Originally Posted by eugenius
A spherical mothball evaporates uniformly at a rate proportional to its surface area. Hence deduce a differential equation that links its radius with time. Given that the radius halves in one month, how long will the mothball last?

Thanks :)

A spherical mothball evaporates uniformly at a rate proportional to its surface area.
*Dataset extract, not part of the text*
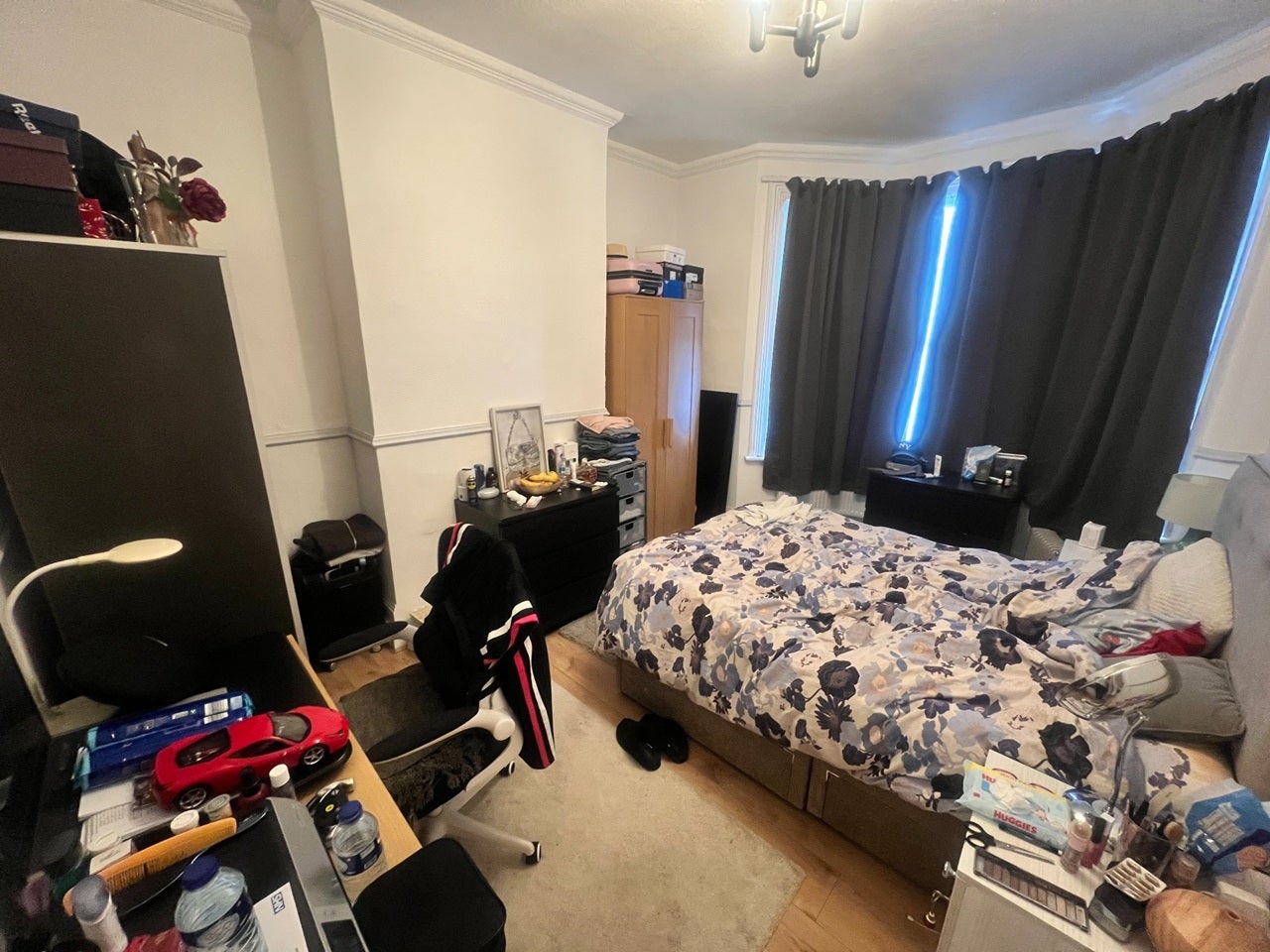 Flat Eastcote Lane in Greater London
$\displaystyle \frac{dV}{dt} = -kS$

since $\displaystyle V = \frac{4}{3}\pi r^3$

$\displaystyle \frac{dV}{dt} = 4\pi r^2 \cdot \frac{dr}{dt} = S \cdot \frac{dr}{dt}$

equating ...

$\displaystyle S \cdot \frac{dr}{dt} = -kS$

$\displaystyle \frac{dr}{dt} = -k$

so, the radius decreases at a constant rate ... can you take it from here?
• Nov 4th 2008, 04:26 PM
eugenius
thanks, i'll see how i get on
• Nov 4th 2008, 11:50 PM
eugenius
i still cant do the last bit, help please :S
• Nov 5th 2008, 01:18 AM
mr fantastic
Quote:

Originally Posted by eugenius
i still cant do the last bit, help please :S

$\displaystyle \frac{dr}{dt} = -k \Rightarrow r = -kt + C$.

When t = 0, $\displaystyle r = r_0$. Therefore $\displaystyle r = r_0 - kt$.

When t = 1, $\displaystyle r = \frac{r_0}{2} \Rightarrow k = \frac{r_0}{2}$.

Therefore $\displaystyle r = r_0 \left(1 - \frac{t}{2} \right)$.